The distributional equity of cold item predictions is visualized in the Electronics dataset.


Figure 1: Item MDG@20 and prediction counts across the cold item population in the Electronics dataset, highlighting SEMCo-Online’s balanced coverage relative to GoRec and magnitude scaling.
Analysis and Discussion
Theoretical Implications
Abandoning CF embedding alignment and training solely in the content space eliminates inherited popularity bias. SEMCo’s contrastive, sparse loss objective tightly couples content similarity with proxy user preference, obviating the need for explicit fairness constraints. The sparsity-inducing α-entmax loss leads to high-quality gradient flows: Sparsemax, in particular, enables models to focus on ≤10% of batch similarities during distillation, aligning supervisory signals with the most relevant content structures.
Practical Implications
SEMCo demonstrates superior performance in both ranking and fairness metrics, making it applicable to domains where catalog expansion is rapid and historical interactions are absent or unreliable. The approach scales efficiently by leveraging batch-level computation and modality-specific attention structures. Distillation substantially enhances deployment feasibility for resource-constrained environments, with online variants yielding optimal trade-offs between accuracy and training complexity.

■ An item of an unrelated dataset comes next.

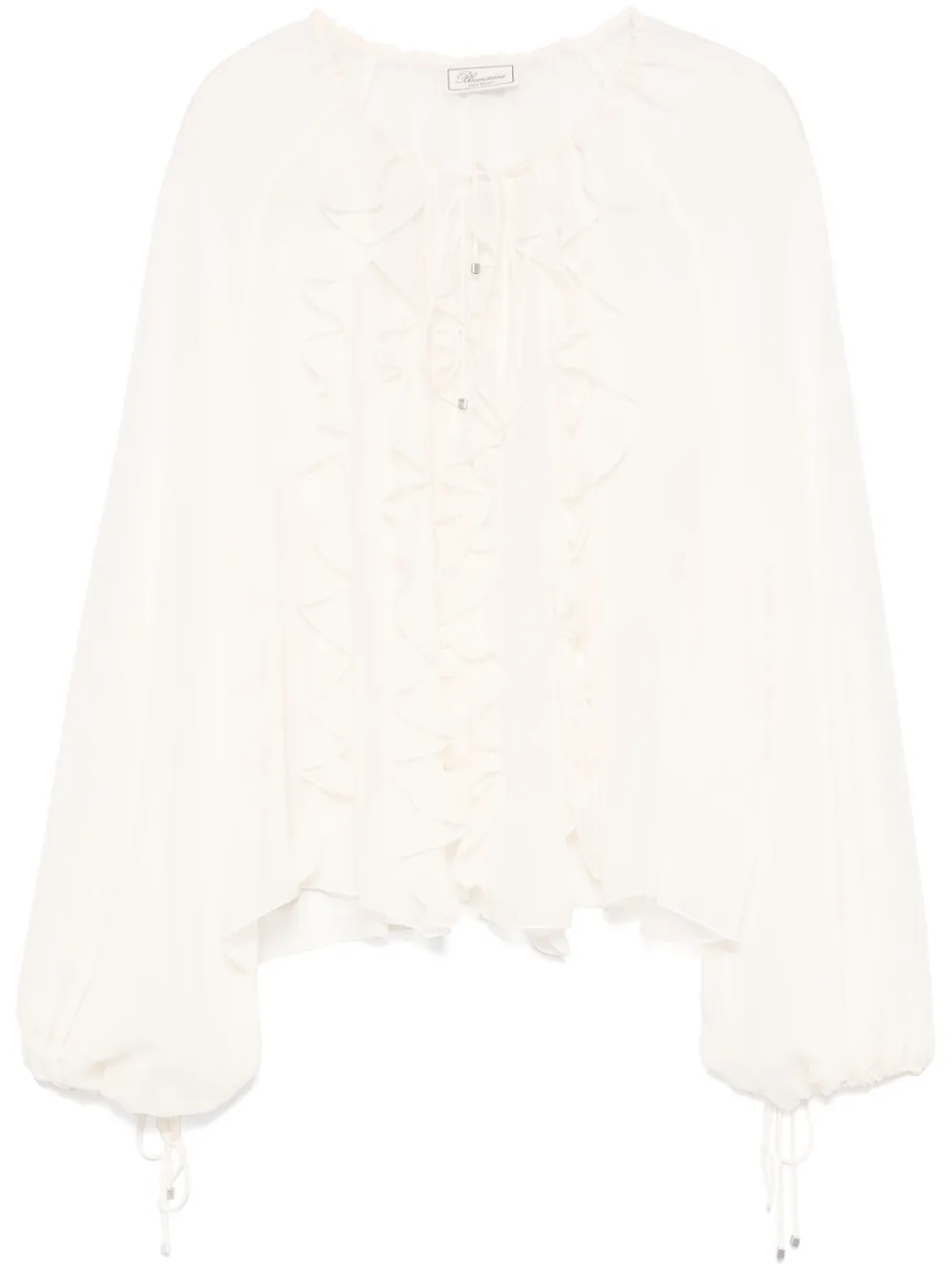 georgette ruffled blouse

Limitations and Open Directions
While the matrix multiplication approach to user-item scoring is scalable in current experiments, full-catalog inference may pose computational challenges in extreme-scale scenarios. The method assumes the presence of pre-trained content features; extension to missing modality settings remains open.

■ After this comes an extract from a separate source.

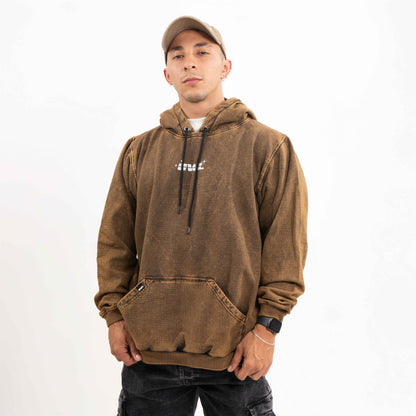 Hoodie  TIEMPOS VIOLENTOS COBRE WASH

Future directions include:
- Robustness to incomplete or noisy modality presence [malitesta2026training].
- Further exploration of sparse loss functions and curriculum learning in dense retrieval contexts.
- Integration with domain-adaptive augmentation using LLMs for content enrichment [wang2024large, huang2025large].
Conclusion
SEMCo advances cold-start item recommendation by reconceptualizing the task as a content-only, item-item similarity prediction problem, formalized via sparse contrastive learning using α-entmax loss. Empirical results substantiate strong gains in both ranking accuracy and item-level fairness, particularly through knowledge distillation and sparse supervision in online settings. The findings highlight the necessity of decoupling content-based models from popularity-biased CF supervision, promoting equity and accuracy in item recommendation. The practical and theoretical implications point toward broader adoption of sparsity-controlled contrastive objectives in multimodal cold-start RSs (2604.12990).